March 8, 2018

On Thursday, the S&P 500 and Toronto were each up 0.4%.

Linamar was up 8.4% to $73.75 after releasing a strong Q4 report.

Melcor Developments failed to react to its strong Q4 / 2017 earnings report and closed up 0.5% at $13.97. This for a company that has a book value per share of $30.21 per share and where the assets are solid consisting mostly of land and buildings. Granted, the book value has been boosted by IFRS accounting which marks its rental building up to market value. This is also a company that earned $1.15 per share in 2017 and $1.05 in 2016 (with Alberta in or recovering from a recession).

There is a great deal of commercial building going on near Edmonton. Despite oil prices being lower than 2014 these developers apparently still think that land and buildings in Alberta are a good investment. Those investors are effectively paying 100 cents on the dollar to construct new buildings.
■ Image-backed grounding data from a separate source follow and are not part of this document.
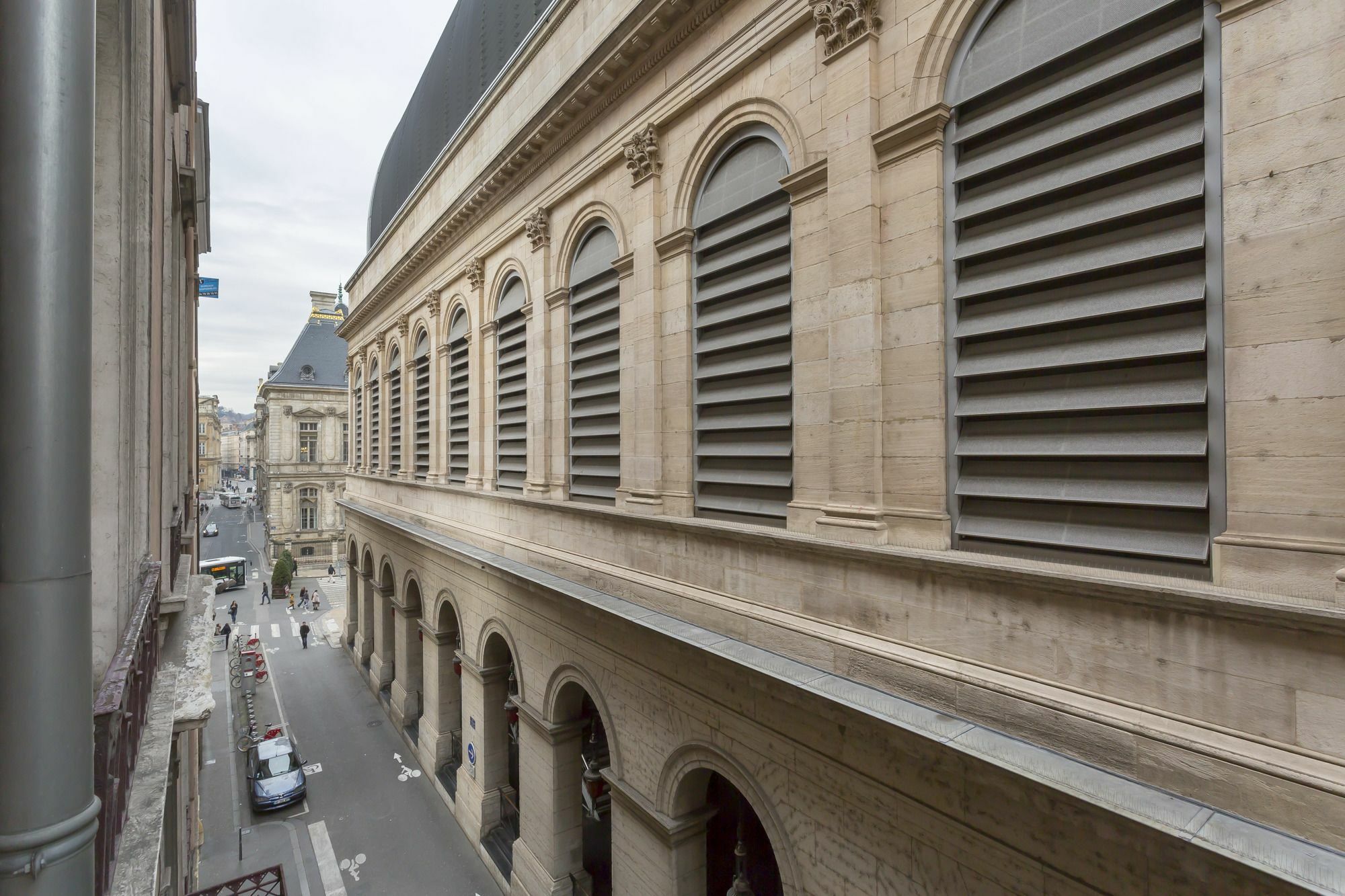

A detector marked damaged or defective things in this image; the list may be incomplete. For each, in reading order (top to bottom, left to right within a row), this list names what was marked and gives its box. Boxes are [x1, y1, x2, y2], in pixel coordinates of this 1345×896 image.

rusty metal railing [92, 559, 161, 893]
rusty metal railing [187, 860, 286, 887]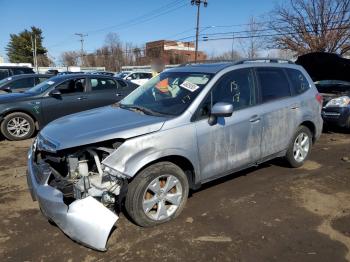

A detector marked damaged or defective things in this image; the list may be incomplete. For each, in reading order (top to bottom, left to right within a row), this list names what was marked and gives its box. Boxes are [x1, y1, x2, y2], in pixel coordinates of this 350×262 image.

detached bumper [26, 148, 118, 251]
crumpled front end [26, 136, 127, 251]
damaged subaru forester [26, 58, 324, 250]
detached bumper [322, 106, 350, 127]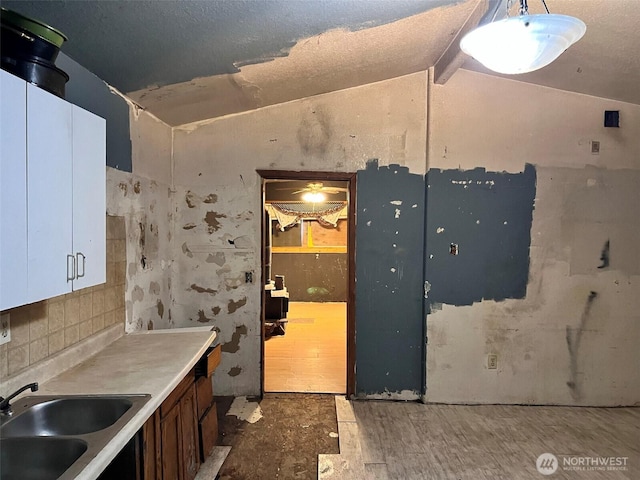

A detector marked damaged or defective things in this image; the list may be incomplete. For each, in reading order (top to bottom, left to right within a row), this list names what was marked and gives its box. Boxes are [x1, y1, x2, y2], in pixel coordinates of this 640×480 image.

damaged ceiling [5, 0, 640, 126]
peeling wall paint [356, 159, 424, 400]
Meanwhile the equity of Melcor trades at less than 50 cents on the dollar. It seems to me that buying Melcor at around half of book value is ultimately going to offer a better return than would investing directly in similar land and buildings at market value. But it appears that continued patience will be required. Meanwhile the 3.7% dividend yield is not too bad.

CMHC reported that Canadian housing starts were running at an annual rate of of 230,000 as of February. This is at or about a record pace. Canada has been running at 200,000 or more for years while the U.S. has ten times the population is still building houses are far lower than record levels and is around 1.3 million houses per year. Certainly the pace of new home construction in Canada could slow with higher interest rates and a cooling home resale market. But so far there has been no decline.

Canadian Western Bank was down 0.2% despite posting better-than-expected results this morning. The bank also raised its dividend 4% which is a total increase of 9% in the past year. A CIBC analyst apparently “downgraded” the stock on concerns about the future growth rate albeit with a price target of $40. At one point today the shares were down to about $35 and I added modestly to my fairly large position in this stock, buying at $35.21. I had last rated it Buy at $40.55 and I do like to demonstrate the courage of my convictions.